There was less clarity around the design recommendation for interim assessments. The Task Force was evenly split 
between providing (1) a bank of optional assessment modules aligned to high-leverage reporting categories or groups of 
standards or (2) a bank of items that could be used to allow teachers to create their own assessments. We have rarely 
seen freely available banks of items aligned to the standards yield the intended impact. This is due to the level of 
investment necessary on the part of the State (i.e., in time, money, and personnel to develop the needed number of 
items and tasks), the amount of assessment literacy necessary for educators to use them well, and the level of time and 
coordination needed for district leaders to develop focused assessments that inform instructional improvement, 
curriculum development, and professional development selection. Therefore, we recommend that the NM PED consider 
incrementally building their interim assessment resources by beginning with modular assessments as well as increasing 
the availability of assessment literacy resources, so educators can (1) use the available resources to inform their practice 
and (2) develop local assessments aligned to both the standards and their local curriculum. 

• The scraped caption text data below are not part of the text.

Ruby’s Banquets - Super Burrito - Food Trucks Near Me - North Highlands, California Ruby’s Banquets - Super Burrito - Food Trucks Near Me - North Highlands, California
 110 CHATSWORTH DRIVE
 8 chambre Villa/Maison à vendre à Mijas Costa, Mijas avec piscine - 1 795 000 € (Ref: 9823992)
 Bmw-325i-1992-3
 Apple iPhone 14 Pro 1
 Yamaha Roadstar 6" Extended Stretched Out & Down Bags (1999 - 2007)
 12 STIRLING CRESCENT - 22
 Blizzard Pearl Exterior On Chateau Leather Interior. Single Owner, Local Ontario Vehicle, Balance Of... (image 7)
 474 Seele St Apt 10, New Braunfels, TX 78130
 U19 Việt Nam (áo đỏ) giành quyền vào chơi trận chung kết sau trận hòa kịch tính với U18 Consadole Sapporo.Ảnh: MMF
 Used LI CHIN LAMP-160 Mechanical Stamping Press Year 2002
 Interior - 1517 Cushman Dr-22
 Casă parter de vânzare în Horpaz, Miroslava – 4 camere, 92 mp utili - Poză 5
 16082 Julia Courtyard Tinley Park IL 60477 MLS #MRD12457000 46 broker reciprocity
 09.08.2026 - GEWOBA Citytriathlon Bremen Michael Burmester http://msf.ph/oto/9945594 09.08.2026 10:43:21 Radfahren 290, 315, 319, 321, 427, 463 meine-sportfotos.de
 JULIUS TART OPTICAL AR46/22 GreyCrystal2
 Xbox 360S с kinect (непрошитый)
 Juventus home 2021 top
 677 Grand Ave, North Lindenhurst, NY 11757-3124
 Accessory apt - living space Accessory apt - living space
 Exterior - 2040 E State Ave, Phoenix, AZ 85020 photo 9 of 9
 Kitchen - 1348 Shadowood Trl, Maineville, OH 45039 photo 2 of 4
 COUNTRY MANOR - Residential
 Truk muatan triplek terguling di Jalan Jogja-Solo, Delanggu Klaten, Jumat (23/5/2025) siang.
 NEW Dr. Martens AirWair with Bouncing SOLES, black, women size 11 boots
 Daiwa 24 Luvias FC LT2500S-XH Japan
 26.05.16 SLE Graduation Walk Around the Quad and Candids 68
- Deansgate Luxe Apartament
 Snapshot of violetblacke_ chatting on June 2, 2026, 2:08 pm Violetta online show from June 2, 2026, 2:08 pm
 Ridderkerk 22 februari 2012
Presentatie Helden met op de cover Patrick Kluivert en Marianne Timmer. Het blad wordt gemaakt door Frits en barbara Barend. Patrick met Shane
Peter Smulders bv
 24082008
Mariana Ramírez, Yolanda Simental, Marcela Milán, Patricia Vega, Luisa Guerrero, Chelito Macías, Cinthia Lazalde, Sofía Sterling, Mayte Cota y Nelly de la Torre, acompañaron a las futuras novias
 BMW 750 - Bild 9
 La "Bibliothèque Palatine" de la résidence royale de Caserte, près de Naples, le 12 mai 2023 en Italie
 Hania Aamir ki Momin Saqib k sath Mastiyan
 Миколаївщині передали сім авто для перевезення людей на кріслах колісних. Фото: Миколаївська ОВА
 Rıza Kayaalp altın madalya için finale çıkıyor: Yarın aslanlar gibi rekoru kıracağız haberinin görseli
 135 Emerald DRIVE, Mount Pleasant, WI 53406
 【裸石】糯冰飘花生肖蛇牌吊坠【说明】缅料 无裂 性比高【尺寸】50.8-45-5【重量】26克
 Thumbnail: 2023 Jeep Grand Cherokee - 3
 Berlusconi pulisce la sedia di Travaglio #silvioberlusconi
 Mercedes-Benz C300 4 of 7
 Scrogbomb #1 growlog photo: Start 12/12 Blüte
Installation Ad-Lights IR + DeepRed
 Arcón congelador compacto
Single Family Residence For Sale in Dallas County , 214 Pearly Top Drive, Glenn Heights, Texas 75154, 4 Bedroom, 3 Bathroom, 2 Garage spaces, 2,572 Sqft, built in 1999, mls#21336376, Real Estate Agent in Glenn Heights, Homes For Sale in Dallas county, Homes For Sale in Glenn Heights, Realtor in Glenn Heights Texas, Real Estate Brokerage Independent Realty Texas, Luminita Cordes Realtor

The Task Force made several recommendations regarding the interim assessment approach for New Mexico's 
assessment system and procurement. These recommendations include: 


1. Use of Interims. The Task Force recommended that the interim assessments provide enough granularity that 
educators could use them to inform instructional decisions. However, they should also be aggregable to facilitate 
evaluating programs and curriculum, primarily at the school level and, to a degree, at the district level. 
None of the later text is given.